During the 1990s, Hands Together increased its activities in Haiti and fund-raising efforts in the U.S. Fr. Hagan, who was serving as chaplain at Princeton University, introduced the Hands Together Program to the students there and also discovered a receptive, passionate and caring adult community outside of the University's walls. Directed by the vision of Fr. Hagan and fueled by the support and resources of many good people in the Princeton area, Hands Together quickly matured and began to undertake much more ambitious and larger scale projects in Haiti. Haiti's largest water-well digging machine was purchased by Hands Together and shipped to Caritas Gonaives. The solid partnership existing between Hands Together and Caritas Gonaives flourished as we collaborated on water projects, community development and agricultural efforts, and many other educational and relief programs.
A Haiti headquarters and center for volunteers was purchased and for the first time we directly targeted the poor living in the worst neighborhoods of the Cite Soleil slum. After Fr. Tom Hagan moved to Port-au-Prince in 1997, our programs in Cite Soleil rapidly grew and Hands Together emerged as one of the leading educational and health organizations working in Haiti's largest and poorest slum.
Hands Together entered the new millennium determined to improve and broaden our programs and services to the poor living in Cite Soleil. We added many new classrooms to our four campus elementary school, nearly doubled the number of registered members at our free clinic and became one of Cite Soleil's largest employers by giving decent, service oriented jobs to over 200 residents. Through much prayer and trust in God we continued with this slow and painstaking work, our roots sinking deeper into these very troubled communities. The people living in Cite Soleil experienced and appreciated the persistence of our efforts to improve their communities and slowly began to believe that we would not abandoned them in times of adversity. This strengthening of the fragile bond between us and the desperate, frightened people living in the slum has helped us weather the storms of violence, theft, and corruption that have wreaked such havoc on this horrible area.


Hands Together has built on its volunteer programs and developed a range of projects which provide various forms of assistance to the poor and disadvantaged.
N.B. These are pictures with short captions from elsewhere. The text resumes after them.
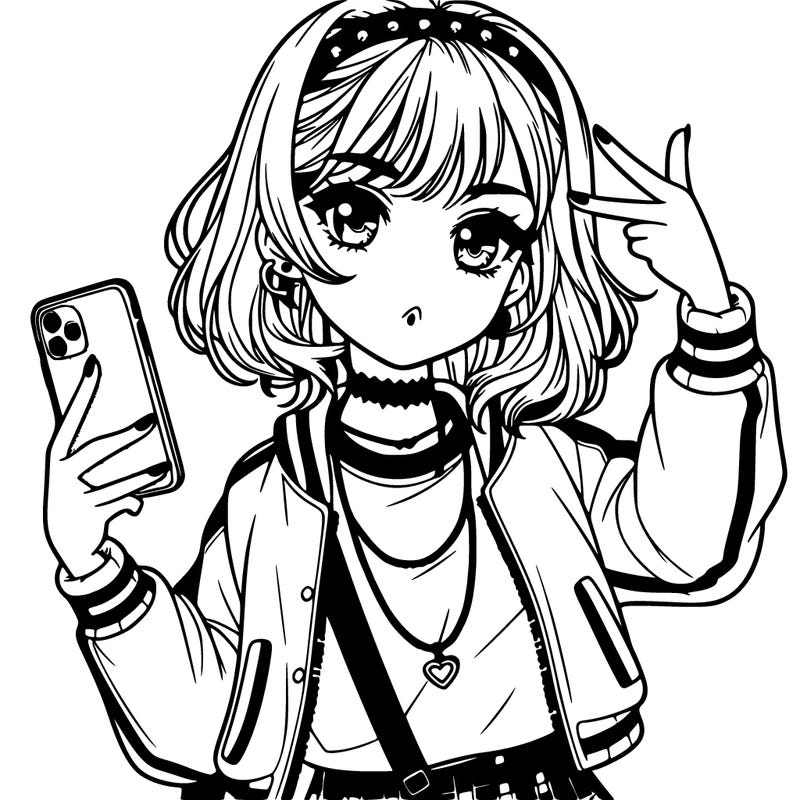 beautiful manga girl with phone and selfie doing the girl power sign and wearing really trendy clothes with cool hair
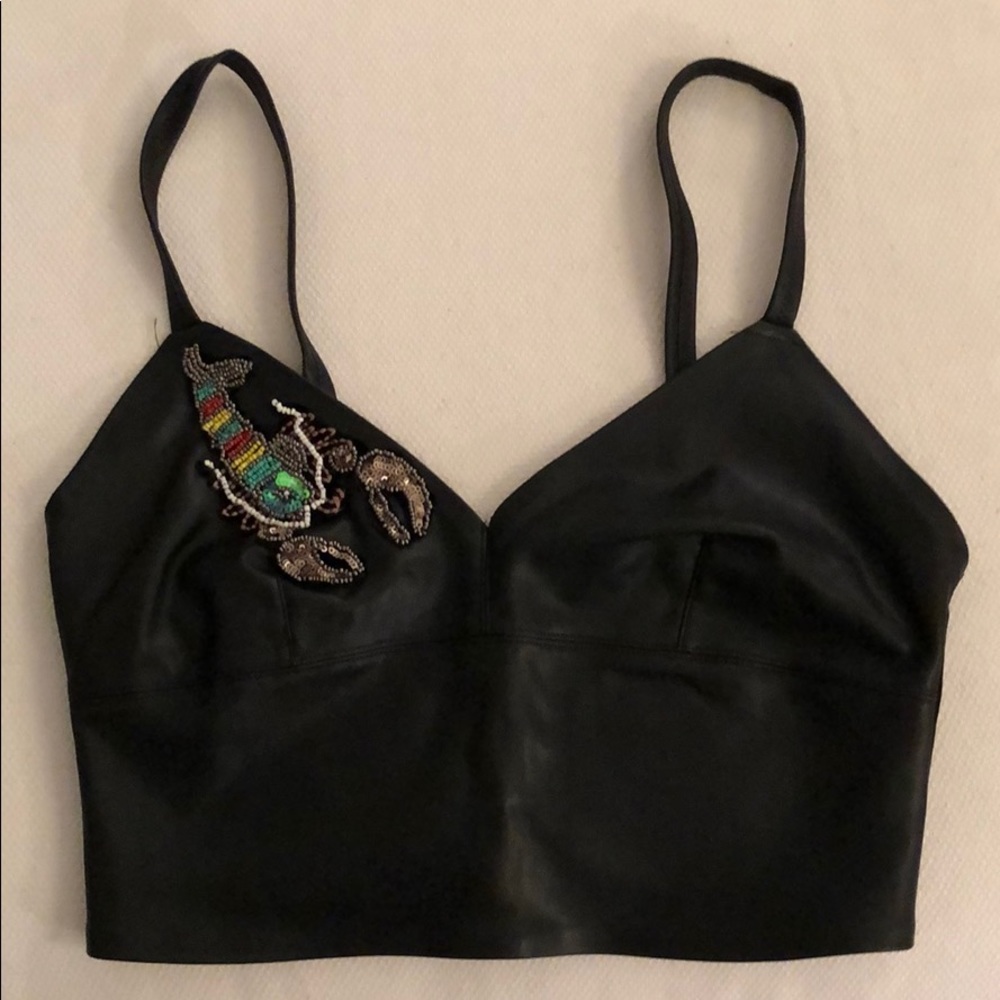 Zara Faux Leather Top W Embellishments sz M
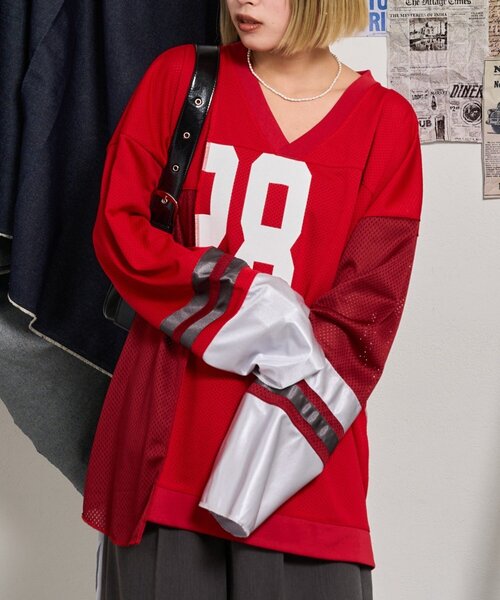 「etsinta」 長袖カットソー ONE SIZE レッド レディース_画像4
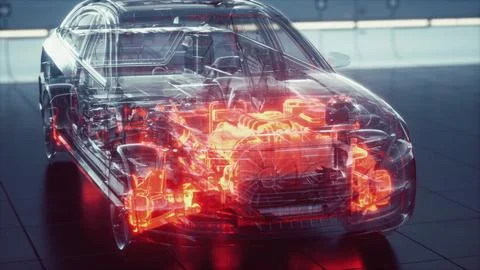Transparent car with engine in laboratory Stock Illustration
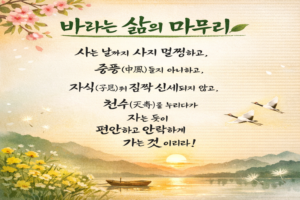 🌿 천수(天壽)를 누리기 위한 삶의 요체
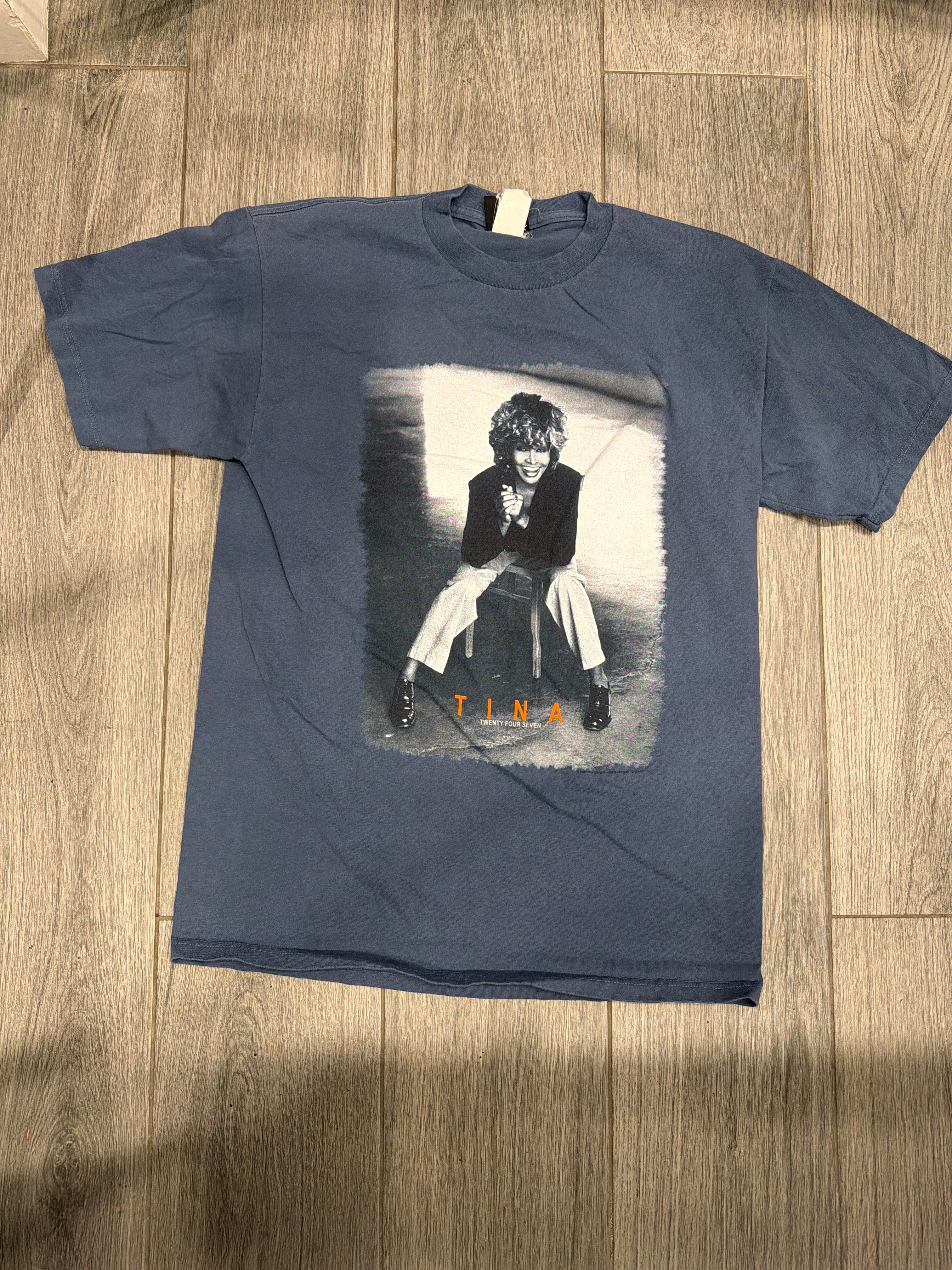 2000 Tina Turner Tour Blue Graphic Giant T-Shirt Large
Hands Together continues to involve Americans in volunteer activities, particularly through organized delegations and specialized volunteers such as doctors or builders. But as the organization grew, we evolved from a program that focused on volunteer trips to Haiti and have become an active, well established Catholic mission development program serving the very poor. Today our schools, orphanages, medical clinics, sustainable development projects, and partnerships with local leaders and communities, bring God's love and creative power into lives of thousands of suffering people. Volunteering both at home and abroad, participants in Hands Together have helped in soup kitchens, homeless shelters, hospices, clinics and orphanages. Volunteers have also assisted in small business and technological development projects.
Though most of Hands Together's work focuses on helping the poor in Haiti, there have been efforts to reach out to the poor in Mexico, Venezuela, Brazil, and several American cities as well.
The organization's offices are located in Princeton, New Jersey and in Springfield, Massachusetts. In Haiti, Hands Together operates a center for operations and volunteers located in Port-au-Prince.
Hands Together's work is possible due to individual donations, program revenues, Catholic mission appeals, special events, foundation grants and the generous gifts from thousands of special friends. Thanks to the United States Catholic Missionary Cooperative plan we have been able to share our story with parishes throughout the United States and receive the bountiful blessings from thousands of people who join hands with us in our work to help God's poor.
Hands Together was incorporated in 1989 as a nonprofit, tax-exempt organization in full compliance with IRS Code Section 501(c)(3).